Una femminilizzazione della professione medica, sottolinea la FNOMCeO che diventerà ancora più evidente nei prossimi cinque anni, quando, secondo le proiezioni, avverrà il ‘sorpasso’ vero e proprio, anche sul totale dei medici. E che impone, anche in considerazione della crescente importanza delle professioni sanitarie e di cura legata alla pandemia di Covid-19 e alla cronicità, nuovi modelli organizzativi e sociali.
Sul fronte odontoiatrico le proporzioni si invertono tra gli odontoiatri, che sono per la maggior parte uomini: quasi due su tre, e precisamente il 64%, se consideriamo gli iscritti al solo Albo Odontoiatri. E addirittura il 74% prendendo in esame anche i doppi iscritti, che sono, cioè, sia medici che odontoiatri ma che, in prevalenza, esercitano la professione odontoiatrica. Anche tra loro le donne sono in rapida e costante crescita, di un punto percentuale l’anno, (erano il 27% l’anno scorso, il 26% nel 2019) e, nelle fasce d’età più giovani, si registra una sostanziale parità.
Le donne nel Servizio Sanitario Nazionale (fonte Ministero della Salute)

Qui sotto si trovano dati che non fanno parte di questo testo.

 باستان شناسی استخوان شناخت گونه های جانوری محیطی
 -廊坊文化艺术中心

In Italia i dati al 31 dicembre 2019 del Conto Annuale Igop – Ragioneria Generale dello Stato, evidenziano che sono oltre 428mila le donne che lavorano con contratto a tempo indeterminato nel Servizio sanitario nazionale, quasi il 68% del personale del Servizio sanitario nazionale. Medici, operatrici sanitarie, biologhe, ricercatrici, tecniche di laboratorio, impiegate amministrative, etc. che ogni giorno profondono tutto il oro impegno nel tutelare la salute delle persone e che sono in prima linea nel fronteggiare un’emergenza sanitaria planetaria.

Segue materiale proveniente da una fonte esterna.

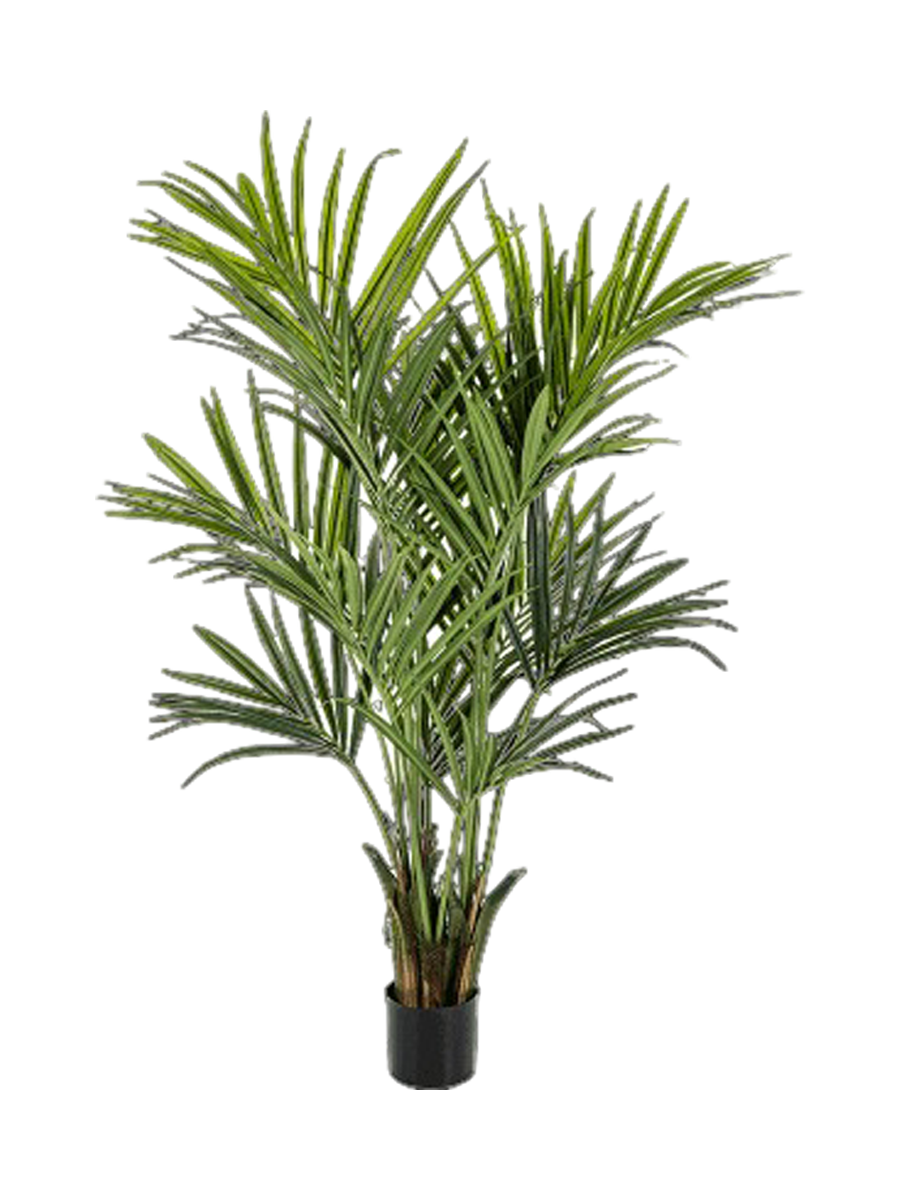 
Pianta artificiale realistica «Kentia Palm», diverse dimensioni - Altezza 172 cm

La presenza femminile è tuttavia molto variabile a seconda della categoria professionale cui si fa riferimento. Se, ad esempio, quasi il 78% del personale infermieristico è costituito da donne, tra i dirigenti medici con contratto a tempo indeterminato le donne sono solo il 48,1%. Inoltre, solo il 9,1% delle dirigenti medico donna riveste il ruolo di direttore di struttura (complessa o semplice), contrariamente a quanto rilevato per i dirigenti medici uomini che sono a capo di una struttura semplice o complessa in circa il 21,5% dei casi.
Nel corso dell’anno 2019 tra il personale a tempo indeterminato e personale dirigente assunto in servizio le donne sono state 20.932, pari al 64,4% del totale degli assunti. Tra i medici il 61,3% degli assunti sono donne, nel personale infermieristico la percentuale sale al 75,1%.